=== Task instructions ===
When you copy the material below, keep every line exact and drop the pictures.

=== Task material ===
--- START ---

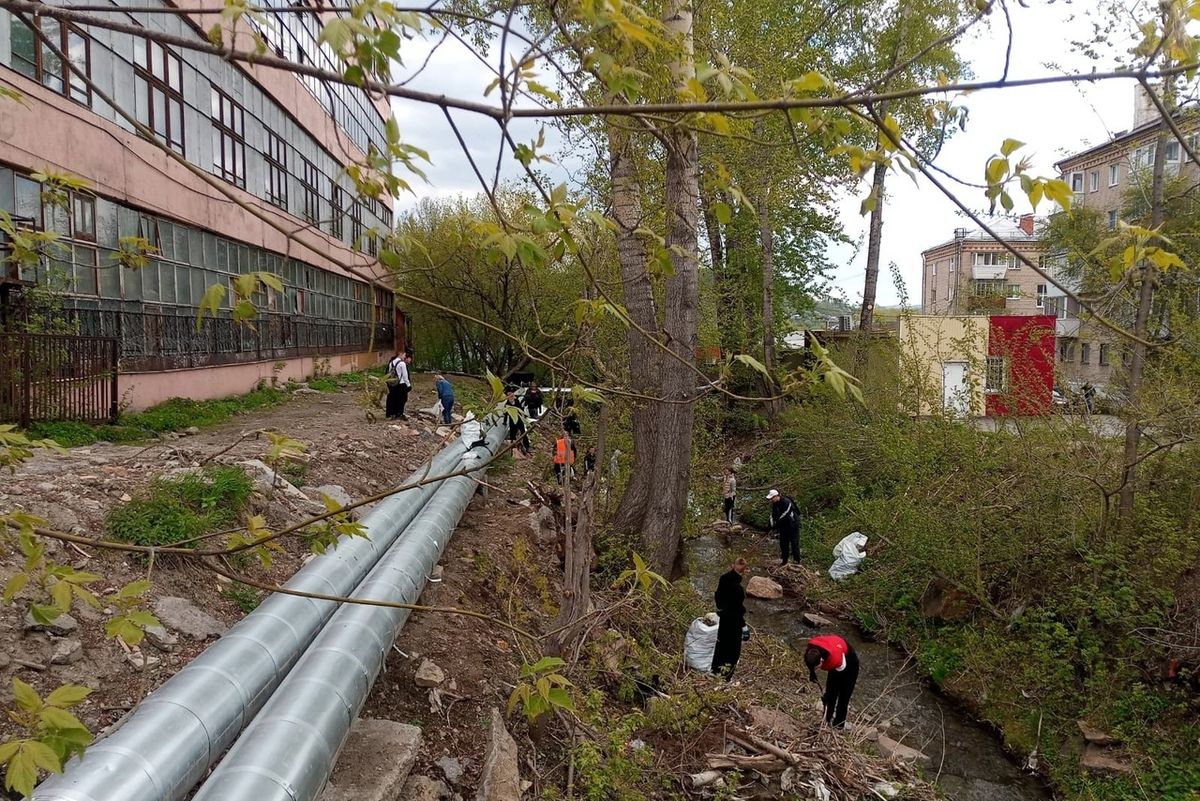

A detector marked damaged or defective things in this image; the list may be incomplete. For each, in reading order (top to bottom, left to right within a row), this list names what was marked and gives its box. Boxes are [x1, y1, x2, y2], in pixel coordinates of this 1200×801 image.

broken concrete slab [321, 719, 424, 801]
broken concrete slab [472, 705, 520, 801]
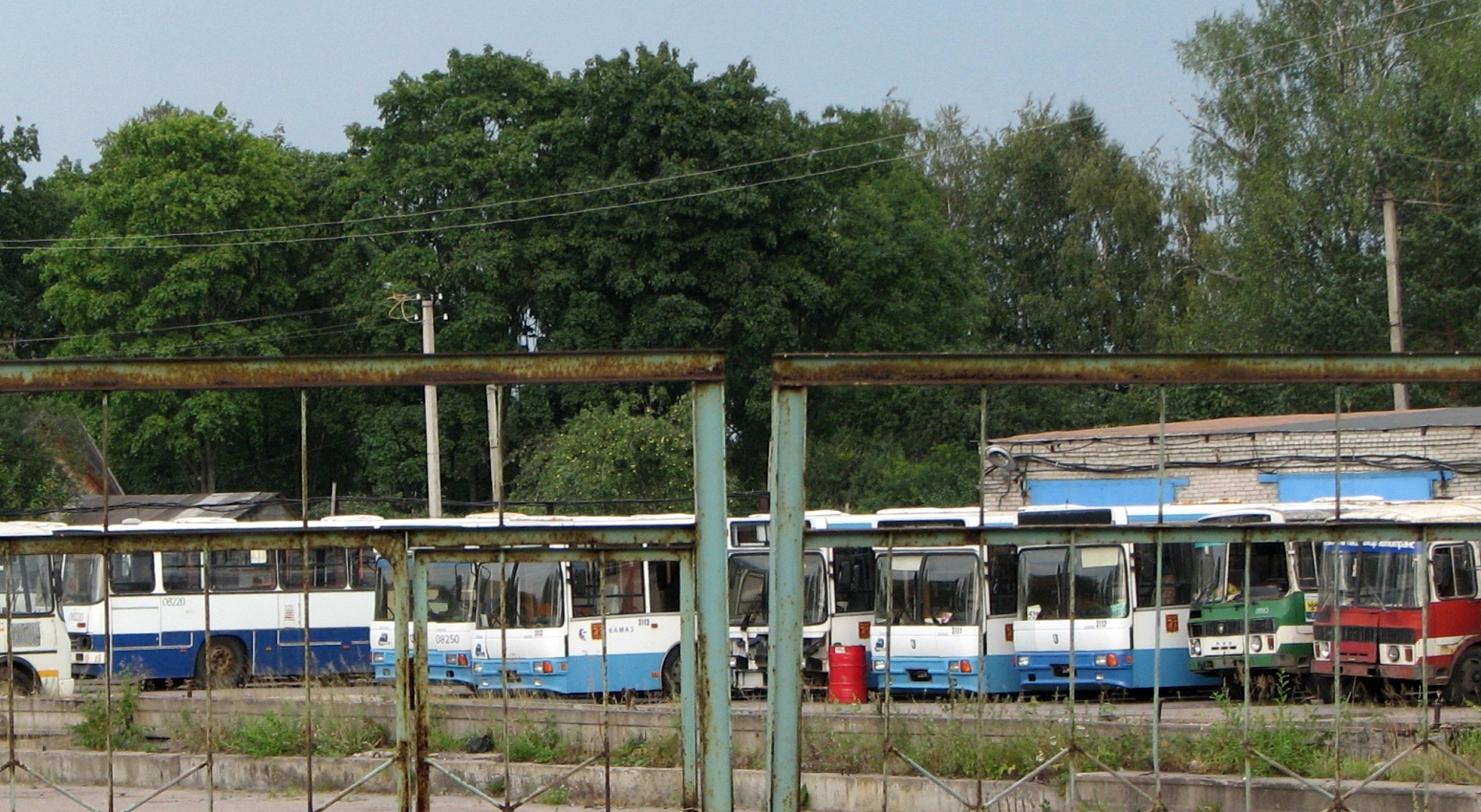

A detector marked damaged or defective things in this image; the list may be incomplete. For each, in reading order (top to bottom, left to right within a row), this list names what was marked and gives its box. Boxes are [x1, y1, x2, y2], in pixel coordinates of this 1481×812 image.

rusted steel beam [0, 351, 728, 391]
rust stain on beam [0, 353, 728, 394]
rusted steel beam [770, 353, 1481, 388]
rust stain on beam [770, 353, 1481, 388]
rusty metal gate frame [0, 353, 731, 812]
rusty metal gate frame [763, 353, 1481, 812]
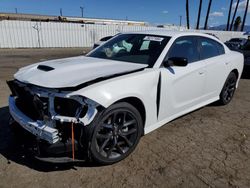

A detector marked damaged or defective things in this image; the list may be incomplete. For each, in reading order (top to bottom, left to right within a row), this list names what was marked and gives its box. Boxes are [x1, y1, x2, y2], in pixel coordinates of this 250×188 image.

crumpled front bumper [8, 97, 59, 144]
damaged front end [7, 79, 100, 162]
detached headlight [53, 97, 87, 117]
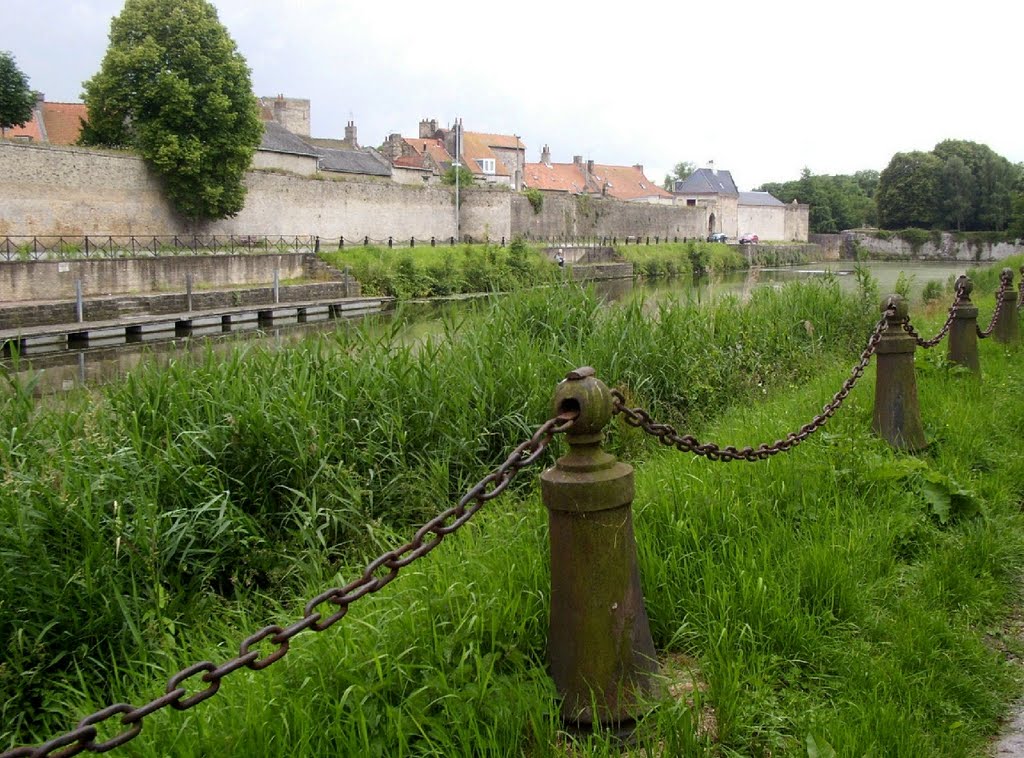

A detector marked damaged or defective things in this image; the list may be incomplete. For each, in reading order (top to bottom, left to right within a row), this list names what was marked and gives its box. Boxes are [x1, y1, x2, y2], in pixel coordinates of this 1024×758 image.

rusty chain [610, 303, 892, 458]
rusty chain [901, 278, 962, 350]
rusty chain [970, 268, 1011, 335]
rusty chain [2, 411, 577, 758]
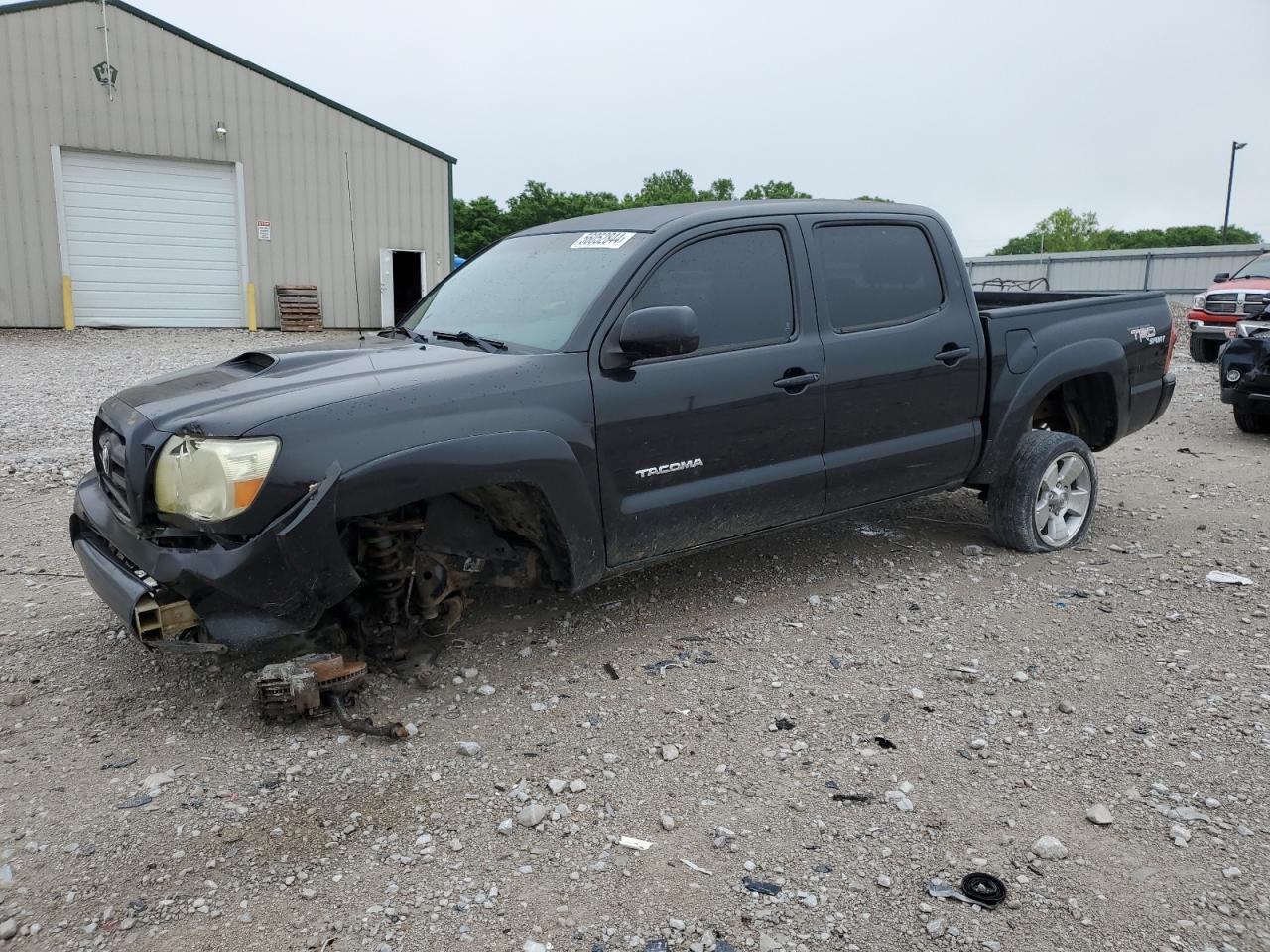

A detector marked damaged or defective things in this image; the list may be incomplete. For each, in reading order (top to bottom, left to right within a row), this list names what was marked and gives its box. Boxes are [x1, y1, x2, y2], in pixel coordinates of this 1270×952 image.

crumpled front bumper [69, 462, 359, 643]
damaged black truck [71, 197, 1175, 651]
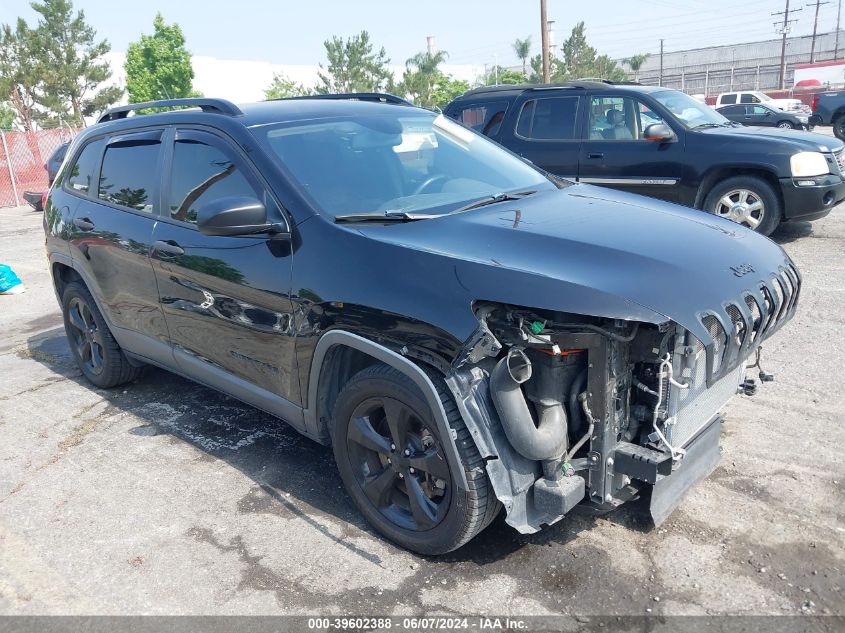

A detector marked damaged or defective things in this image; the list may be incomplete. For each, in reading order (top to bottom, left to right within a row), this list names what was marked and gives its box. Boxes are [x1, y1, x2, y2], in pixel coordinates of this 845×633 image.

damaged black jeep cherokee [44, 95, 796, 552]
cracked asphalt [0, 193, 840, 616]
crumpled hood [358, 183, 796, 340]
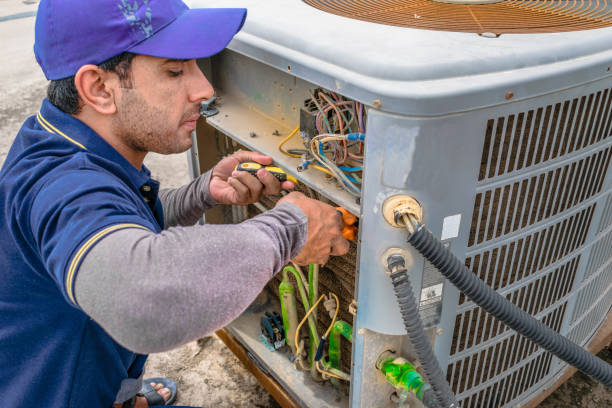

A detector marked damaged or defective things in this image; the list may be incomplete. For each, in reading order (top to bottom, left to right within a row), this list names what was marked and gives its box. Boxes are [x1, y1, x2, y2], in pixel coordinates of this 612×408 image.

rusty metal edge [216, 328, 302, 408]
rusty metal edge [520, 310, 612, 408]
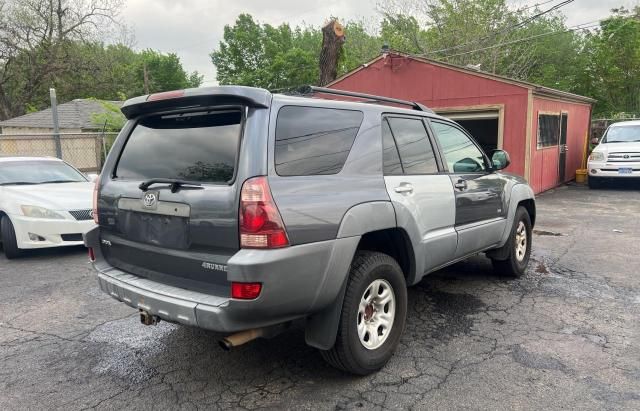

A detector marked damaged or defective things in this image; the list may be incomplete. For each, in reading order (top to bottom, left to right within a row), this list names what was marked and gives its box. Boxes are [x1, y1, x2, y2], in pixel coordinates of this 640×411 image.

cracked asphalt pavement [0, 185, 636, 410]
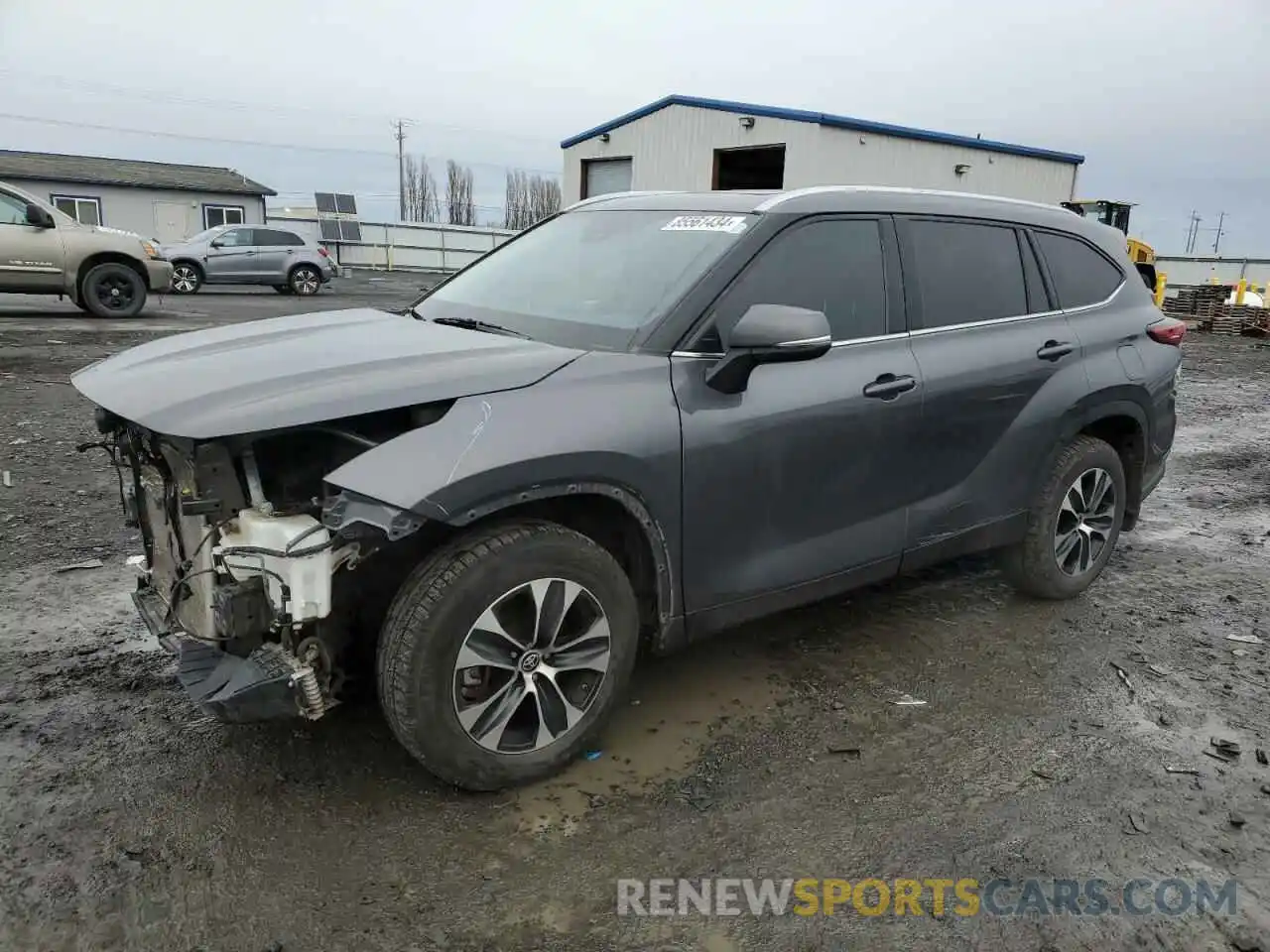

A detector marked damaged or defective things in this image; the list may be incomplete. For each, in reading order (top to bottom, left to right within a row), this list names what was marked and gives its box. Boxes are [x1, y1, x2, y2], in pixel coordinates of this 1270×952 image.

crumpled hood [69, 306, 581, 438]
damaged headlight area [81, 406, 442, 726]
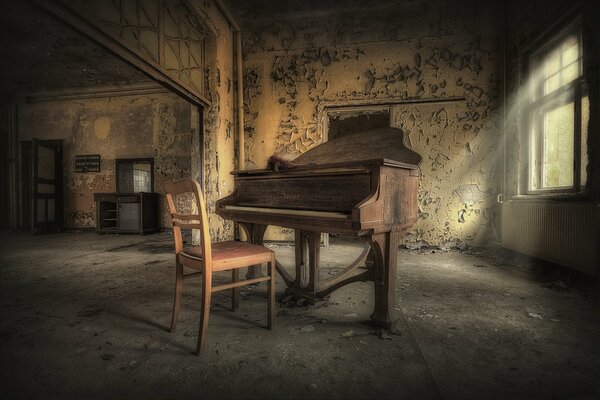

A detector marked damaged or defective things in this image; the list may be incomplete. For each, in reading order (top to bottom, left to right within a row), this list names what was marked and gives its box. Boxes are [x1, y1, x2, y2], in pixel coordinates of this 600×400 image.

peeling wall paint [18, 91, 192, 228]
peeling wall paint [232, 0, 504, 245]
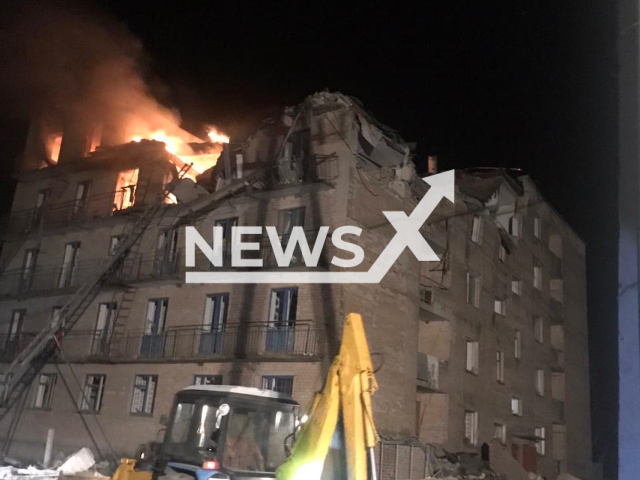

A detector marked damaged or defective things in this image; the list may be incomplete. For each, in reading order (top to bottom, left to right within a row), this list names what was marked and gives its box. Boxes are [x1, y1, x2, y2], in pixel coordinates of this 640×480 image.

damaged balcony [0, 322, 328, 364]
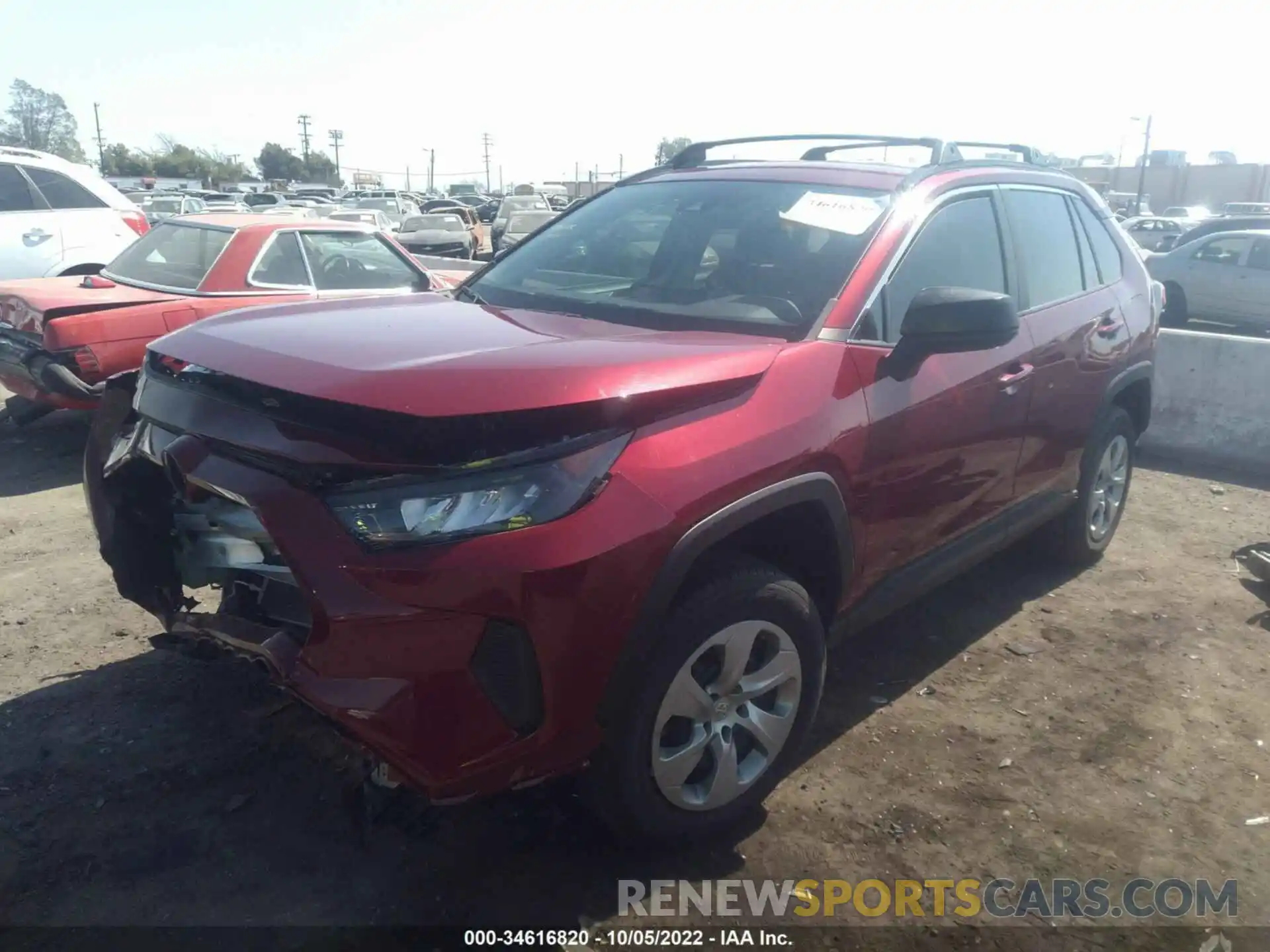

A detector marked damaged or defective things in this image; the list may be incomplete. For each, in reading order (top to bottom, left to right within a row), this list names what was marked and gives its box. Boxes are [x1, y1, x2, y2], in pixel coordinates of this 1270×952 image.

--- END ---

=== Answer box ===
A detector marked damaged or defective things in this image; the list may be incomplete. For each, in reading order (top to bottom, left to right within a row), this list names what was marked and gives its box. Boxes are [x1, y1, x2, y2], in pixel coordinates of this 1200×801 image.

broken concrete slab [321, 719, 424, 801]
broken concrete slab [472, 705, 520, 801]

A detector marked damaged or defective things in this image; the list may be incomplete. For each, in reading order (top to bottom, left to right within a row), this list names what was marked and gives its box. Boxes are [x1, y1, x2, y2], in pixel coordinates of this 1481×812 image.

rusted steel beam [0, 351, 728, 391]
rust stain on beam [0, 353, 728, 394]
rusted steel beam [770, 353, 1481, 388]
rust stain on beam [770, 353, 1481, 388]
rusty metal gate frame [0, 353, 731, 812]
rusty metal gate frame [763, 353, 1481, 812]

A detector marked damaged or defective things in this image; the list may be incomplete. For each, in reading order (top to bottom, left to right within a row), this list names what was marked and gives its box. Boxes are [x1, y1, x2, y2], in pixel coordinates of this 250×188 image.

crumpled front bumper [8, 97, 59, 144]
damaged front end [7, 79, 100, 162]
detached headlight [53, 97, 87, 117]

A detector marked damaged or defective things in this image; the list may be incomplete. For each, in reading order (top to bottom, left to right within a row), this list names what was marked and gives its box. Boxes are [x1, y1, x2, y2], in pixel coordinates of this 1024×758 image.

rusty chain [610, 303, 892, 458]
rusty chain [901, 278, 962, 350]
rusty chain [970, 268, 1011, 335]
rusty chain [2, 411, 577, 758]

A detector marked damaged or defective things in this image; the list may be incomplete. For each, in reading order (top to bottom, left to right within a row), this list names what was marked and gives its box. Boxes are [x1, y1, x2, y2], in pixel coordinates of this 1270×952 image.

crumpled front bumper [69, 462, 359, 643]
damaged black truck [71, 197, 1175, 651]

A detector marked damaged or defective things in this image; the list may be incomplete. For each, in reading order (top to bottom, left to right within a row), this list names what was marked and gives its box. Boxes are [x1, y1, x2, y2], in pixel coordinates of this 845×633 image.

damaged black jeep cherokee [44, 95, 796, 552]
cracked asphalt [0, 193, 840, 616]
crumpled hood [358, 183, 796, 340]

A detector marked damaged or defective things in this image; the list may be incomplete. For each, in reading order (top to bottom, left to right within a row), this list names what was marked and gives its box. Boxes are [x1, y1, x2, y2], in pixel coordinates of this 612×408 image.

rusty metal edge [216, 328, 302, 408]
rusty metal edge [520, 310, 612, 408]

A detector marked damaged or defective things in this image; the list may be incomplete. For each, in reading order (top to bottom, left to right within a row), this list names what was marked and gives its box. Boxes are [x1, y1, x2, y2], in pixel coordinates of this 640×411 image.

cracked asphalt pavement [0, 185, 636, 410]

A detector marked damaged or defective things in this image; the list may be incomplete. For each, in reading order (top to bottom, left to right within a row), this list names what was marked and gives its box. Boxes are [x1, y1, x2, y2], in pixel coordinates of this 1270×952 image.

crumpled hood [69, 306, 581, 438]
damaged headlight area [81, 406, 442, 726]

A detector marked damaged or defective things in this image; the list may be incomplete. For each, in reading order (top to bottom, left to right within a row), this list names what was marked and gives its box. Boxes are [x1, y1, x2, y2], in pixel coordinates of this 600×400 image.

peeling wall paint [18, 91, 192, 228]
peeling wall paint [232, 0, 504, 245]

A detector marked damaged or defective things in this image; the list may be incomplete. For each, in reading order (top to bottom, left to right within a row), this list names what was marked and gives its box. Boxes are [x1, y1, x2, y2], in pixel coordinates of this 640×480 image.

damaged balcony [0, 322, 328, 364]

A detector marked damaged or defective things in this image; the list may be incomplete. For each, in reading order (top to bottom, left to right within a row), this list names what was marked and gives its box. Boxes are [x1, y1, x2, y2], in pixel coordinates of this 1270×952 image.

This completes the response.